Andrews v. Joseph Cohen & Sons, 45 F. Supp. 732 (S.D. Tex. 1941)
December 17, 1941
JOSEPH COHEN & SONS, Inc., et al.
District Court, S. D. Texas, Houston Division.
*733 Chas. O. Guynes, E. B. Colgin, and John A. Vivier, all of Houston, Tex., for plaintiffs.
Wood, Gresham, McCorquodale & Martin and Roland Johnson, all of Houston, Tex., for defendants.
KENNERLY, District Judge.
This is a suit by plaintiffs against defendants for damages for an alleged injury to plaintiff Mrs. Ellen Andrews and to plaintiff's automobile, alleged to have occurred on or about November 7, 1939, on a Texas highway in the City of Wharton, Texas, in this District, but in the Galveston Division, in an accident in which plaintiff's automobile was in a collision with another automobile driven by defendant A. F. Adler, alleged to be an employee of defendant Joseph Cohen & Sons, Inc. It is alleged that such automobile driven by Adler was owned by one or the other or both of defendants.

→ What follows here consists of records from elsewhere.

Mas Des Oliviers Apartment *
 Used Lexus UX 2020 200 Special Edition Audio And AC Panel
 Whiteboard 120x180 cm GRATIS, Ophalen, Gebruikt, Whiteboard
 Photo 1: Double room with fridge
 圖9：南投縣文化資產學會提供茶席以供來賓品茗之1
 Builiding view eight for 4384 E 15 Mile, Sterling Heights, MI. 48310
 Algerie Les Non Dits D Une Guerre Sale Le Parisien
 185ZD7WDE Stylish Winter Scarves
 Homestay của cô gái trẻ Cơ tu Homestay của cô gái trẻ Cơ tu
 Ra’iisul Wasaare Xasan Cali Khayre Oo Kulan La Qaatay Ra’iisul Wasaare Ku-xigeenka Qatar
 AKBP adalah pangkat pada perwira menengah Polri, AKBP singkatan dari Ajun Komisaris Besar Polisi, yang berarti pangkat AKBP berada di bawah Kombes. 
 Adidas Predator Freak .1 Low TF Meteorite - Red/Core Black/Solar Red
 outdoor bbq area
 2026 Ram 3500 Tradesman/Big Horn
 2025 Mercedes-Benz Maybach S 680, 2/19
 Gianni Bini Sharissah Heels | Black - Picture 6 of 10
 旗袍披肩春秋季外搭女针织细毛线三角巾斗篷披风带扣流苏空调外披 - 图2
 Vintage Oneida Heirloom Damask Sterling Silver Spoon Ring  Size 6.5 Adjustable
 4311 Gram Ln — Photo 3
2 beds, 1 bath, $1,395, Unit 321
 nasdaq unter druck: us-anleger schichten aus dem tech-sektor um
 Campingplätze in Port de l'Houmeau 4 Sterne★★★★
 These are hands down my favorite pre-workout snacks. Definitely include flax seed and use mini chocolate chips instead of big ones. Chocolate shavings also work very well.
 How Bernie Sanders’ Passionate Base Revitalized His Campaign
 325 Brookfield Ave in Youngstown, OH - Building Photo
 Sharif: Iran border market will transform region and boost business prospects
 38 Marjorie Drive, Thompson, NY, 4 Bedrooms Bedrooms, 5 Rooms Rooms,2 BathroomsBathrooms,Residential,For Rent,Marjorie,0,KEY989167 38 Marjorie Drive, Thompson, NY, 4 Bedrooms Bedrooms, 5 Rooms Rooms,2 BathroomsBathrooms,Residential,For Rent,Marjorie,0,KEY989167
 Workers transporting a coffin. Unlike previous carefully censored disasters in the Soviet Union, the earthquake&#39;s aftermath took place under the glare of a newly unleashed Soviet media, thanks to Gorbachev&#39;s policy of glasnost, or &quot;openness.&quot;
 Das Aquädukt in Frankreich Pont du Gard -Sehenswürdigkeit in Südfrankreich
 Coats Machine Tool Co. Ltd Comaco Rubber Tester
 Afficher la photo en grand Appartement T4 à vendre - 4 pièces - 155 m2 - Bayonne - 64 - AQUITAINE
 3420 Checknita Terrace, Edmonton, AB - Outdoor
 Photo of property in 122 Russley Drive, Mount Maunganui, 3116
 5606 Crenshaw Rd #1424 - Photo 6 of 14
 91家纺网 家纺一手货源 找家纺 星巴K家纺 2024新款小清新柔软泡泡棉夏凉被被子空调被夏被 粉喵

In plaintiffs' original complaint, it is alleged that plaintiffs are citizens of Texas, and that defendant Adler is a citizen of the State of Missouri, and that the defendant Cohen & Sons, Inc. is a citizen of the State of New York. In a pleading which plaintiffs call a trial amendment, it is alleged in the alternative that if defendant Adler is not a citizen of the State of Missouri, he is a citizen of Germany.
Process was served under Article 2039 of the Texas Revised Statutes.
Defendants complain neither of the manner of serving process nor of the jurisdiction, but of the venue. They have filed separate motions to dismiss, in each of which, and in their briefs, they bring forward the claim that under Section 112, Title 28 U.S.C.A., this suit may not be prosecuted in this District, but must be prosecuted, if at all, in the District of which defendants or one of them is an inhabitant. They cite Southern Pacific Company v. Denton, 146 U.S. 202, 13 S. Ct. 44, 36 L. Ed. 942; McLean v. State of Mississippi, 5 Cir., 96 F.2d 741, 119 A.L.R. 670; Goff Co. v. Lamborn & Co., 5 Cir., 281 F. 613; Roberts v. Pacific & Atlantic R. R. Co., 9 Cir., 121 F. 785; Niccum v. Northern Assurance Co., D.C.Ind., 17 F.2d 160; Section 41, 28 U.S.C.A.; Section 112, 28 U.S.C.A.; Rule 82, New Federal Rules of Civil Procedure, 28 U.S.C.A. following section 723c.
They also claim that the suit should have been brought in the Galveston Division, because plaintiffs reside in and the alleged accident occurred in that Division.
1. If as alleged in plaintiffs' original complaint the defendant Adler is a citizen of the State of Missouri and the defendant Cohen & Sons, Inc. is a citizen of the State of New York, without doubt the venue under Section 112 is in this, the District in which plaintiffs reside.
But if the defendant Adler is a citizen of Germany (an alien), I would incline to the view that the suit must, under the cases cited by defendants, be brought and prosecuted in the District in which defendant Cohen & Sons, Inc. has its domicile, were it not for two Supreme Court decisions.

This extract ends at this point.